We are now the very opposite of being human, we are unfeeling, unthinking things. If we keep on moving around the equator however organic life begins to emerge again but it is so strange and unfamiliar and alien. Take a few more steps and that which is alien starts taking on more familiar characteristics and more bestial forms, animals, plants, and human hybrids of nature. Keep going and we have fantastical humanoids such as elves etc and eventually we return back to the individual human.
The pole to pole axis of the globe is about status, about levels of authority, about assertion of will, about domination and subjugation. We might best visualise this in the institutional form of clothing in which uniforms are both worn by prison guards and the prisoners.
Most garment design tends to occur in a very small wedge of this globe but as I have no plans for my garments to be commercialised and because I show off my work within the fetish community I have a freedom to fully explore this globe. Within the fetish community this entire globe is acceptable, it permits me an audience with whom I may share exploration into objectification, subjugation, transformation, all possibilities.

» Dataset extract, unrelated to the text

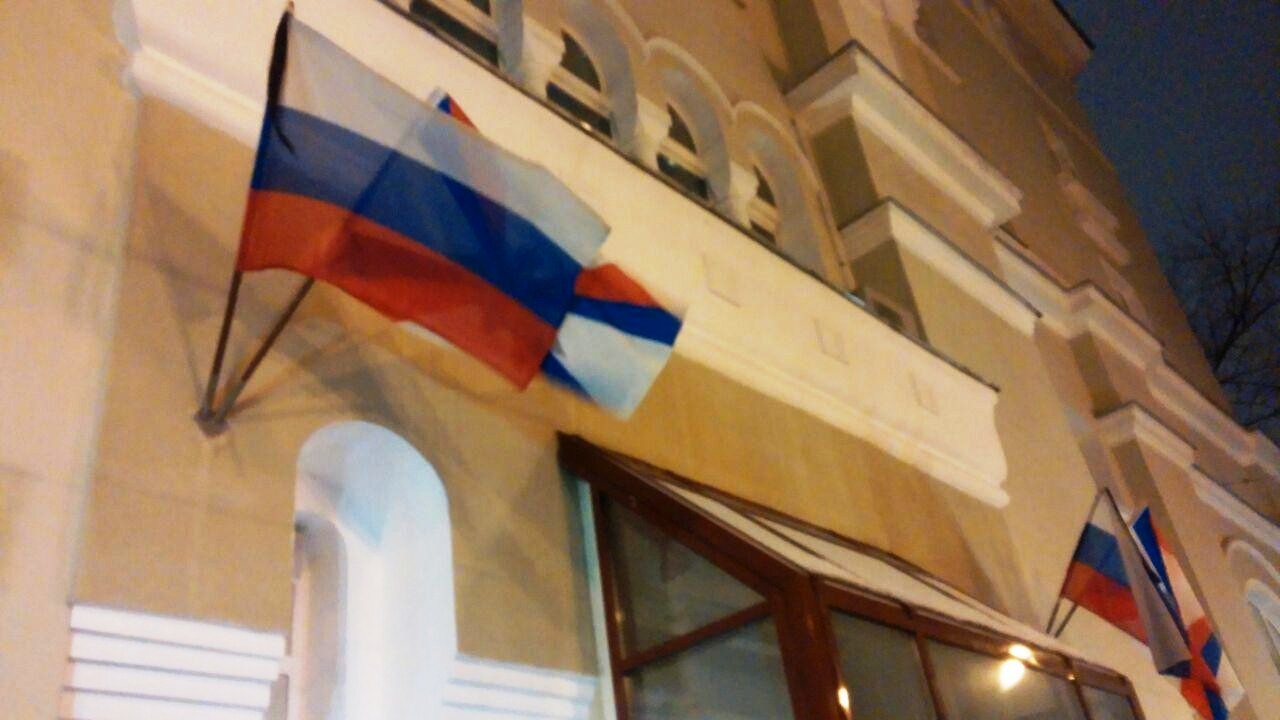 Как вешаются флаги. Траурный флаг. Траурная лента на флаге России. Траурный флаг России. Расположение флагов на здании в Москве.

K&S: Less or More? Do you prefer designing a latex outfit which is more on the revealing side or leaning towards full coverage.
CC: I would like to say that I don’t have a preference but in practice that isn’t the case, I tend to create outfits that are all encasing from head to toe, have multiple layers to them, stripping away any of a persons true felt identity to give them a wholly new one which they then must explore and find for themselves through the limitations the outfit might impose on them in regard to sensory responsiveness, movement restriction and even restriction on breathing.
K&S: How do you feel is the best way to integrate latex into an everyday “public” outfit. How would you mix it with other materials?
CC: I am hoping to be working with another designer at some point this year (2019) in which I will be making some basic rubber garments to go with her everyday knitwear. I think the contrast between the heavier textured look of traditional knitting and crochet is just exquisite against the traditional smooth flawless look of garments made from rubber sheeting. The knitwear simply transforms our perception of rubber and knitted fibres with each enhancing the quality of the other.
For any of us who have worn rubber openly with other materials it is such a divine experience for its being worn as an everyday garment rather than isolated to its fetish confines, there is a kind of sense of self liberation through it and a sense that we just feel and look darn good. However, I don’t believe it would ever really catch on for anyone other than folks who already enjoy rubber but rather the rubber be replaced by a more agreeable and practical substitute such as a shine like surfaced lycra. But for anyone who does enjoy rubber and wishes to integrate it with everyday conventional garments one way they might try is wear their garments inside out.
Most good quality rubber garments are made in a sheeting that has a more matt like or satin like underside so when turned to face outwards no longer has the same associations as the more smooth and shiny side. It is less visually obvious as rubber and more seen as a kind of conventional fabric.
K&S: What are your goals for your future in latex design?
CC: My primary goal is to create a library of manuals on rubber garment making so that for the future there will exist out there all the information needed in regards to their production. To achieve this I have to keep on making garments to put many a theory at times to the test. For the last number of years I have concentrated a lot on shows and the making of garments for the assortment of models. I think I will soon be turning back and concentrating on myself and those friends willing to put up with something crazy I’ve envisioned for them.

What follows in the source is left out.